It’s hard to see how interest rate cut will make a difference

Recently I wrote in The National about Holyrood’s financial limbo as we wait for the UK Government’s autumn budget statement. Till then the Scottish Government cannot publish its spending plans for next year, so the committees which cover spending areas cannot yet know what will happen to the public finances. This situation is made even more complex and unhelpful given the additional powers coming to Holyrood; undertaking those changes in a period of financial uncertainty could prove very problematic.
But it’s not just the Scottish Parliament and other public bodies which are in this limbo. The Bank of England too is being forced to make critical decisions without any clarity about UK Government policy.
Economic forecasting is rarely seen as an easy business. Many people would dismiss it as no more reliable than reading tealeaves. Political parties perform faux outrage at one another when the forecasts they relied upon prove to be unsound, but the truth is that any party in power must make judgements without the advantage of a crystal ball. We all remember how roundly the Scottish Government was blamed for its 2014 assumptions about oil prices for example, but in fact neither the UK Government nor any opposition party had the power of foreknowledge at the time, and all were working from assumptions that proved faulty.

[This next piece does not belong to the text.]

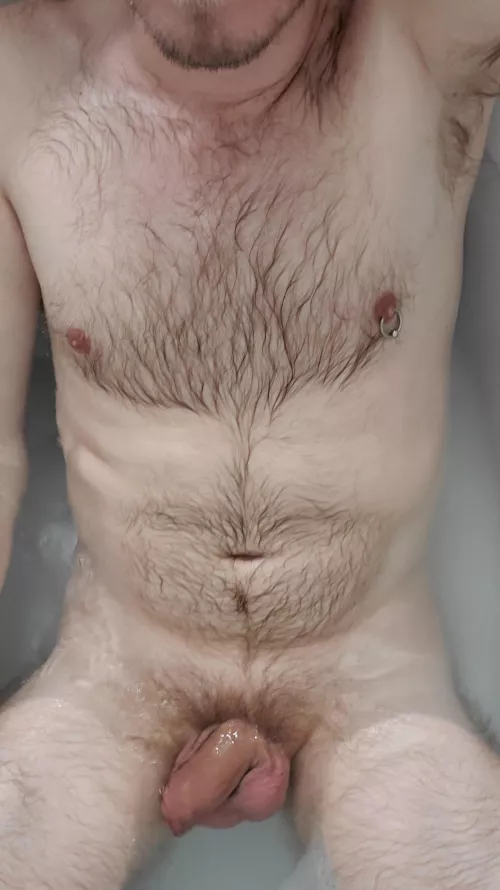 Got my floatation device close at hand by earl-grey_tea-bags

But the Bank of England is now having to make its judgements about the likely future performance of the UK economy and about its use of measures such as super-low interest rates and extra quantitative easing, without even knowing what the new Chancellor’s economic policies are going to be. The Bank’s job is to make such judgements on the assumption that Government policy will be followed (which is why it produced no Brexit forecasts; UK policy at the time was at least nominally for Remain), so what exactly is it supposed to do when no policy has yet been set?
That autumn budget statement which the Scottish Government is waiting for is also the opportunity for Philip Hammond to set out a new fiscal policy. It’s worth remembering here that “autumn” in political terms can be a very long season – we don’t know whether it will happen by October, November or even December. Whenever it comes, it still won’t settle everything. The UK Government also needs to establish its negotiating stance for the Brexit process, something which will be hugely difficult to do if Theresa May is serious (spoiler: she isn’t) about achieving a consensus approach involving the Scottish, Welsh and Northern Irish administrations too.
Even once that stance is clear, it will still be months longer before we know how many of their objectives will be achievable in the negotiations.

So the UK’s central bank is left in the realm of sheer guesswork about current UK monetary policy, and about the UK’s future economic relationship with Europe and the level of access it will get to the single market. All this at a time when the pound has been weakened by the referendum decision itself, which will inevitably push inflation beyond the threshold the Bank is required to aim for. Businesses which rely on imports are seeing rising costs, and it’s not clear if there will be much benefit on the export side, even for those businesses which do sell overseas. It’s not an environment in which those with reserves are tempted to invest for the future.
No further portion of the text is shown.